▶ [ASSIGNMENT]:
Given the records that follow, return each one verbatim.

▶ [EXERCISE MATERIALS]:

▶

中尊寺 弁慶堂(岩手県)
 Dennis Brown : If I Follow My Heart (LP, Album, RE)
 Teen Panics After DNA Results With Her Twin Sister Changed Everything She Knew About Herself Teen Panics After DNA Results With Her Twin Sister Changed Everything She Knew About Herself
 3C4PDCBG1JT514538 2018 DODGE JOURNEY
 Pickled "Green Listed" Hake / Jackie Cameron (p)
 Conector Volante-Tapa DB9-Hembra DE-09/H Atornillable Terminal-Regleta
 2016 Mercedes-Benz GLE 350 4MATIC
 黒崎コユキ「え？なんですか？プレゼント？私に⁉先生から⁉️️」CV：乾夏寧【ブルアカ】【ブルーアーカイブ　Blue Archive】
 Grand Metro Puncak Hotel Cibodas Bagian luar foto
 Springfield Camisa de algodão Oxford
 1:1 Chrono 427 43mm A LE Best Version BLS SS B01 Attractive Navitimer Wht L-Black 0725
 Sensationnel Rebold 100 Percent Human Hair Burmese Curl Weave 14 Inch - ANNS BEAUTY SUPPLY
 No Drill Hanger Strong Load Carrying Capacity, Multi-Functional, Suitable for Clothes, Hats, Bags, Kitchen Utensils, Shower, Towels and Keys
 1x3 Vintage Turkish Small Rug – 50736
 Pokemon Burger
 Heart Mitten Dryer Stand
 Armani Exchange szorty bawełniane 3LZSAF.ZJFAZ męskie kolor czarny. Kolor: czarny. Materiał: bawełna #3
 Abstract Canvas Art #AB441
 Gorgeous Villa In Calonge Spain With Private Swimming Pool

◀

▶ [WRITTEN SOLUTION]:
中尊寺 弁慶堂(岩手県)
 Dennis Brown : If I Follow My Heart (LP, Album, RE)
 Teen Panics After DNA Results With Her Twin Sister Changed Everything She Knew About Herself Teen Panics After DNA Results With Her Twin Sister Changed Everything She Knew About Herself
 3C4PDCBG1JT514538 2018 DODGE JOURNEY
 Pickled "Green Listed" Hake / Jackie Cameron (p)
 Conector Volante-Tapa DB9-Hembra DE-09/H Atornillable Terminal-Regleta
 2016 Mercedes-Benz GLE 350 4MATIC
 黒崎コユキ「え？なんですか？プレゼント？私に⁉先生から⁉️️」CV：乾夏寧【ブルアカ】【ブルーアーカイブ　Blue Archive】
 Grand Metro Puncak Hotel Cibodas Bagian luar foto
 Springfield Camisa de algodão Oxford
 1:1 Chrono 427 43mm A LE Best Version BLS SS B01 Attractive Navitimer Wht L-Black 0725
 Sensationnel Rebold 100 Percent Human Hair Burmese Curl Weave 14 Inch - ANNS BEAUTY SUPPLY
 No Drill Hanger Strong Load Carrying Capacity, Multi-Functional, Suitable for Clothes, Hats, Bags, Kitchen Utensils, Shower, Towels and Keys
 1x3 Vintage Turkish Small Rug – 50736
 Pokemon Burger
 Heart Mitten Dryer Stand
 Armani Exchange szorty bawełniane 3LZSAF.ZJFAZ męskie kolor czarny. Kolor: czarny. Materiał: bawełna #3
 Abstract Canvas Art #AB441
 Gorgeous Villa In Calonge Spain With Private Swimming Pool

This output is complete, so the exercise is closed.